Output nothing but the lines from the first line of the listing below through the line containing "Our AAC Planning", printed exactly and free of pictures.

*** INFORMATION SHOWN Section Begins ***

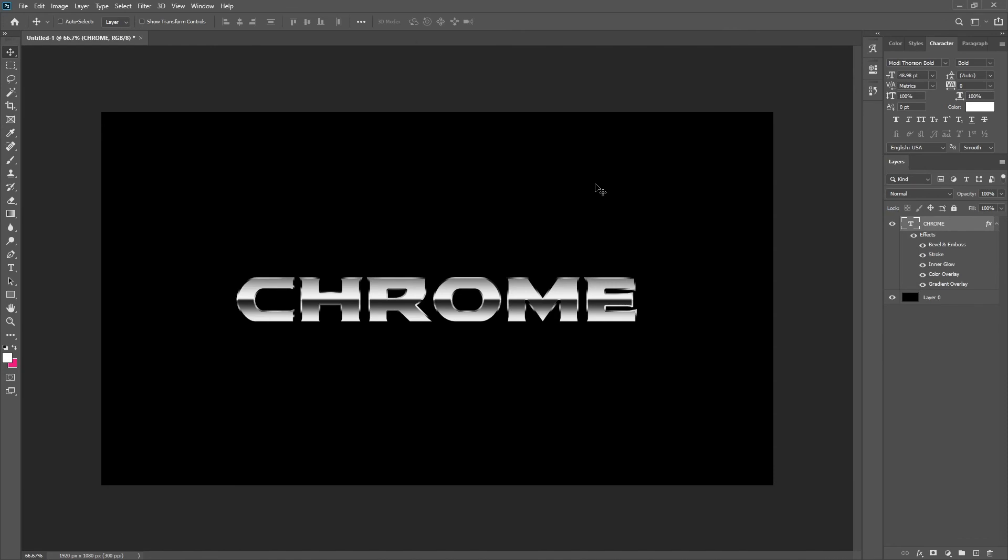And that's how you make a chrome text from scratch the easy way. Very simple and it will save you going online trying to find textures.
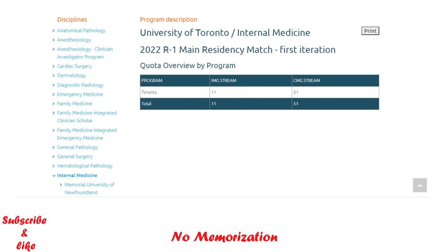Generally, the fewer positions, the more competitive it is. You can also check the program descriptions, requirements, and documents you need. For that, you need to click on an individual university and then you can check the detailed description there.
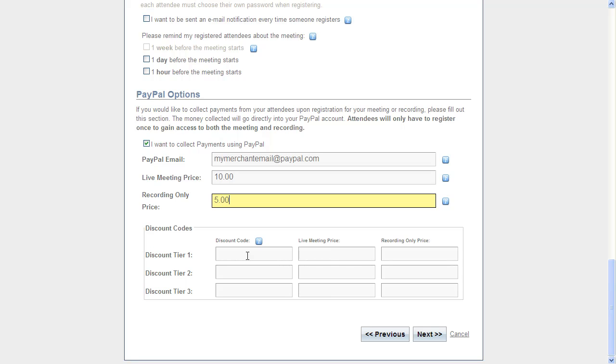You can even set up discount codes. For example, right here I'm going to put one slightly discounted code. Let's go with 'gift4u.'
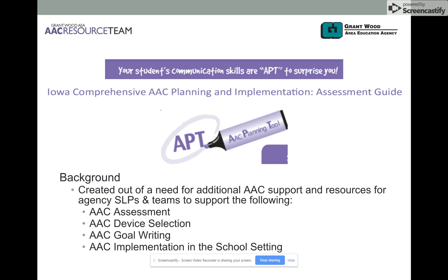Our AAC Planning Tool was created simply out of a need to attempt to build capacity across our agency SLP group. We at Grantwood Area Education Agency in Cedar Rapids, Iowa employ over 90 speech-language pathologists who serve over 32 school districts in our AEA area.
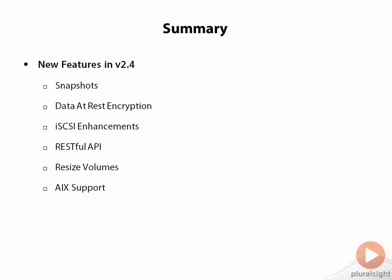And then finally, AIX support. Maybe not the most exciting thing, but if you do have AIX in your environment, it can be very important. So now AIX is fully supported and you'll be able to use it as of 2.4.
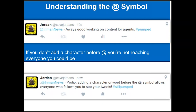There's a way to get around this. If you add a character before the at symbol, you will reach everyone in your following. So simply, if you put a dot before at Inman News — pro tip: adding a character or word before the at symbol allows everyone who follows you to see your tweets. This is what you need to do to increase your reach. If you're a power Twitter user who didn't know about this, I found out about this about a year ago and it changed my Twitter analytics impressions dramatically. It means a tip you give someone one-on-one can be valuable to your entire audience.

*** INFORMATION SHOWN Section Ends ***

**REPLY TO THE TASK**
And that's how you make a chrome text from scratch the easy way. Very simple and it will save you going online trying to find textures.
Generally, the fewer positions, the more competitive it is. You can also check the program descriptions, requirements, and documents you need. For that, you need to click on an individual university and then you can check the detailed description there.
You can even set up discount codes. For example, right here I'm going to put one slightly discounted code. Let's go with 'gift4u.'
Our AAC Planning Tool was created simply out of a need to attempt to build capacity across our agency SLP group. We at Grantwood Area Education Agency in Cedar Rapids, Iowa employ over 90 speech-language pathologists who serve over 32 school districts in our AEA area.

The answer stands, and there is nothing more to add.